Desde sua criação em 1946, há 72 anos, pela primeira vez o Tribunal Superior do Trabalho (TST) é presidido por uma mulher, a Ministra Maria Cristina Irigoyen Peduzzi, que tomou posse em 19 de fevereiro e vai presidir a Corte nos próximos dois anos. Ela substitui na função o Ministro João Batista Brito Pereira. Na mesma cerimônia, realizada na sede do Tribunal, em Brasília (DF), tomaram posse como Vice-Presidente o Ministro Vieira de Mello Filho e como Corregedor-Geral da Justiça do Trabalho o Ministro Aloysio Corrêa da Veiga.

Perfil – Maria Cristina Peduzzi concluiu em 1975, na Universidade de Brasília (UnB), o curso de Direito que havia iniciado na Universidade Federal do Rio Grande do Sul (UFRGS). Na mesma UnB formou-se como Mestre em “Direito, Estado e Constituição”. Foi Procuradora da República, Procuradora do Trabalho e professora de graduação e pós-graduação em várias universidades.

Atuou como advogada, inclusive perante os tribunais superiores, desde a graduação até sua posse como Ministra do TST, em 2001. Desde então foi diretora da Escola Nacional de Formação e Aperfeiçoamento de Magistrados do Trabalho (ENAMAT), integrou o Conselho Nacional de Justiça (CNJ), foi Vice-Presidente do TST, integrou o Conselho Superior da Justiça do Trabalho (CSJT) e presidiu a Academia Brasileira de Direito do Trabalho. É ainda autora de obras consagradas sobre Direito do Trabalho e integrante do Conselho Editorial da Revista Justiça & Cidadania.

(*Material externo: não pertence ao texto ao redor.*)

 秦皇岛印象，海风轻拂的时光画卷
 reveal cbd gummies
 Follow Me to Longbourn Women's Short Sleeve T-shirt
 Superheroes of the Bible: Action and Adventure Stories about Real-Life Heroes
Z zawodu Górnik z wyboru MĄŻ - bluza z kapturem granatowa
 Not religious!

Nesta entrevista exclusiva, concedida logo após a posse como Presidente do TST, ela falou sobre as metas da gestão, sobre os desafios para adaptar o Judiciário à realidade da Quarta Revolução Industrial, e também sobre a ascensão das mulheres nas carreiras jurídicas.

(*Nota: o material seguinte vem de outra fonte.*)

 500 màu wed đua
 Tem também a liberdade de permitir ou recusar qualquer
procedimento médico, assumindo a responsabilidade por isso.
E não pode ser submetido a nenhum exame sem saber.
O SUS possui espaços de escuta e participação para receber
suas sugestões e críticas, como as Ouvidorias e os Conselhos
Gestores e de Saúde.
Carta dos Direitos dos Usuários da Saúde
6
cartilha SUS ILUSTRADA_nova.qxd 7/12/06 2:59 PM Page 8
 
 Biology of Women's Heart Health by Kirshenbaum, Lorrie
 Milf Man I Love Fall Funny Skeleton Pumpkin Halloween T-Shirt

Revista Justiça & Cidadania – Quais são as metas de trabalho como presidente do TST até 2022? Quais delas serão priorizadas?

Ministra Maria Cristina Peduzzi – Meu compromisso prioritário é com a valorização da Justiça do Trabalho, no desempenho das suas funções institucionais de prevenir e pacificar os conflitos sociais. Efetiva-se esse objetivo por meio da resolução judicial e da implementação de meios alternativos de solução dos litígios, como a conciliação e a mediação nos dissídios coletivos.

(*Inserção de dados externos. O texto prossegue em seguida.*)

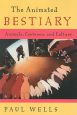 The Animated Bestiary:Animals, Cartoons, and Culture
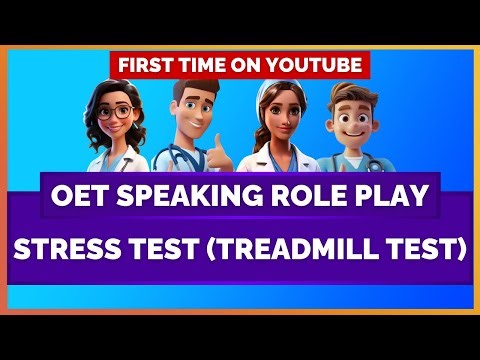 OET SPEAKING ROLEPLAY SAMPLE - STRESS TEST (TREADMILL TEST) | MIHIRAA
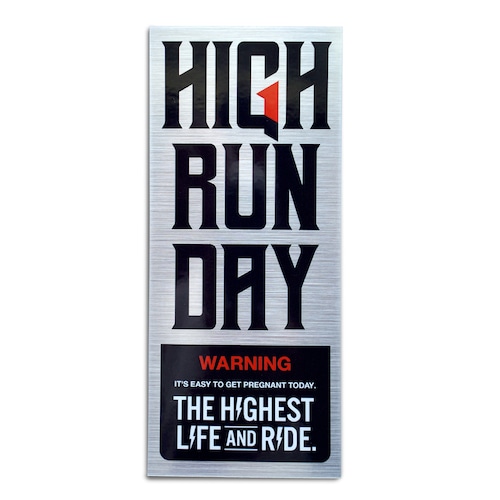 【Metal Sticker】HIGH RUN DAY（ ハ イ ラ ン ビ ）WARNING!!!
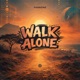 Walk Alone Single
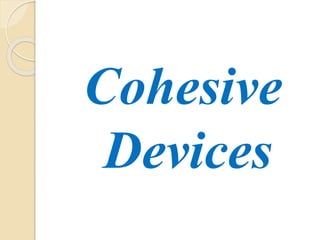 Cohesive
Devices
 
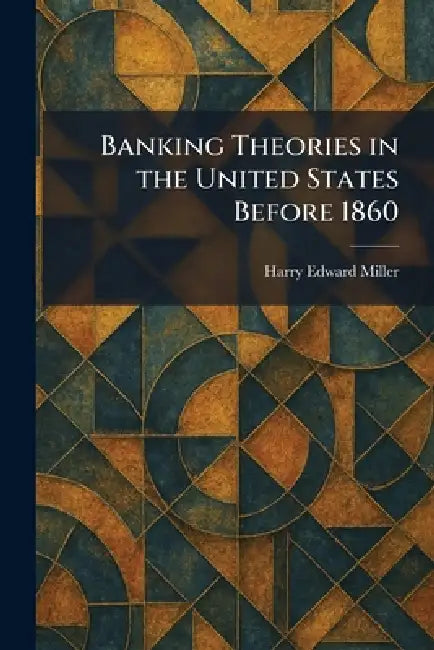 Banking Theories in the United States Before 1860 by Harry Edward Miller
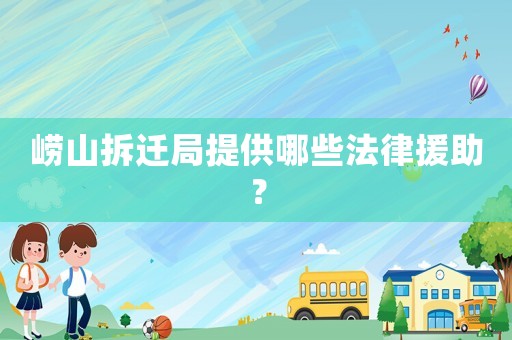 嶗山拆遷局提供哪些法律援助？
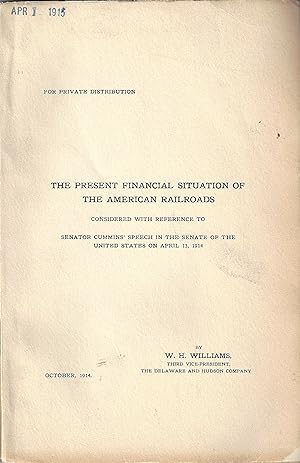 The present financial situation of the American railroads Senator Cummins'speech in the Senate on...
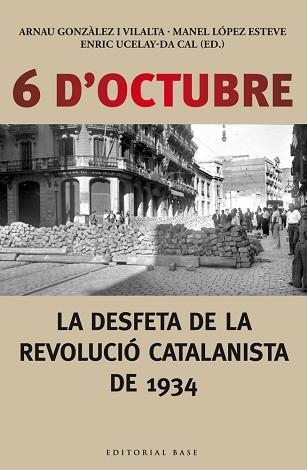 6 D'OCTUBRE. LA DESFETA DE LA REVOLUCIÓ CATALANISTA DE 1934 | 9788416166190 | UCELAY-DA CAL, ENRIC/GONZÀLEZ I VILALTA, ARNAU/LÒPEZ ESTEVE, MANEL | Llibreria Aqualata | Comprar libros en catalán y castellano online | Comprar libros Igualada
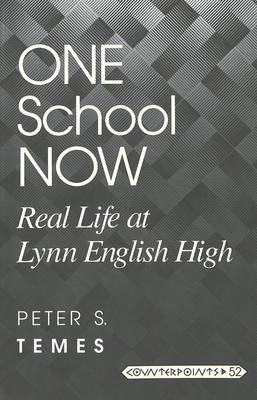 One School Now: Real Life at Lynn English High - Counterpoints Studies in the Postmodern Theory of Education 52 (Paperback)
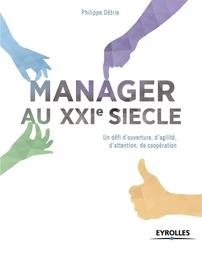 Manager au XXIe siècle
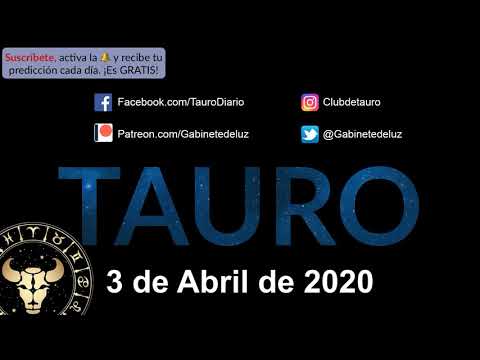 Horóscopo Diario - Tauro - 3 de Abril de 2020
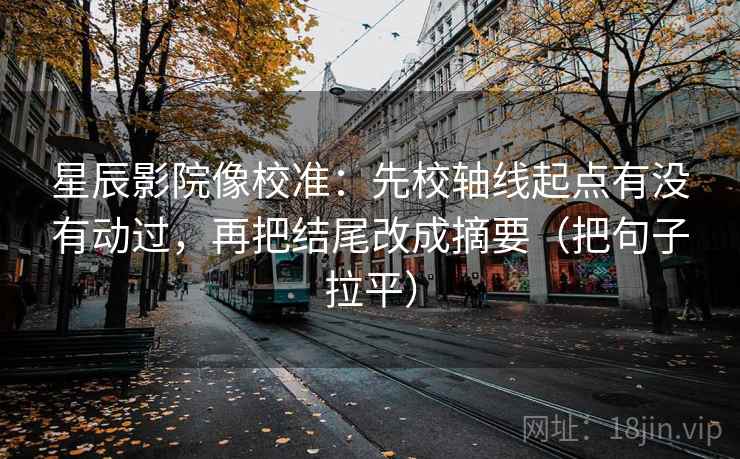 星辰影院像校准:先校轴线起点有没有动过,再把结尾改成摘要(把句子拉平) 星辰影院像校准:先校轴线起点有没有动过,再把结尾改成摘要(把句子拉平)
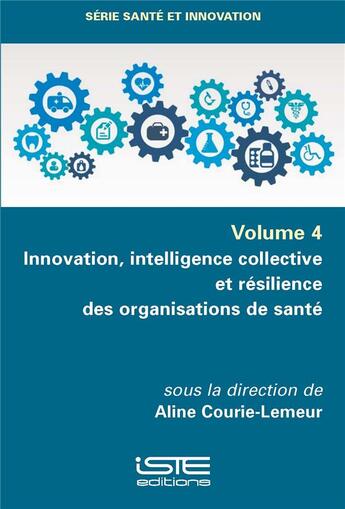 Couverture du livre « Innovation, intelligence collective et résilience des organisations de santé » de Lemeur Aline Courier aux éditions Iste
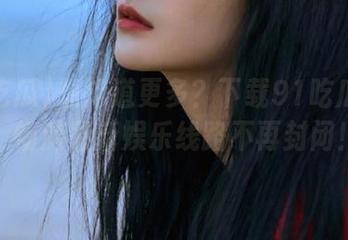 想知道更多？下载91吃瓜爆料，畅游最新娱乐线路不再封闭！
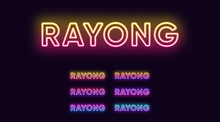 Neon Rayong Name, Resort City In Thailand. Neon Text Of Rayong City. Vector Set Of Glowing Headlines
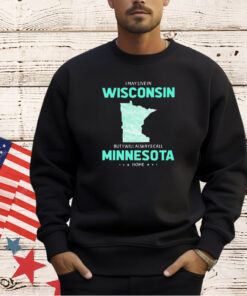 I may live in Wisconsin but I will always call Minnesota home T-shirt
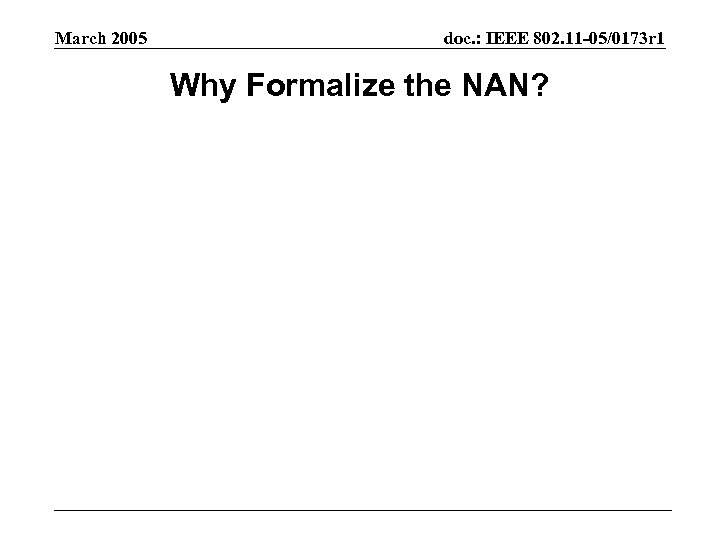 March 2005 doc. : IEEE 802. 11 -05/0173 r 1 Why Formalize the NAN?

Nessa linha, buscarei priorizar o exercício da atividade fim pelo Poder Judiciário e trabalhar para que a prestação jurisdicional seja sempre célere e efetiva. Trata-se de missão que já vem sendo cumprida com maestria. No último relatório Justiça em Números, o CNJ atestou a eficiência da Justiça do Trabalho como o ramo mais célere no julgamento dos processos, assim como o que mais conciliou litígios. É preciso dar continuidade a essa performance exemplar, cumprindo metas e oferecendo aos magistrados e servidores instrumentos que facilitem o seu trabalho, com investimento permanente em tecnologia, aperfeiçoamento do processo judicial eletrônico e dos mecanismos de gestão processual.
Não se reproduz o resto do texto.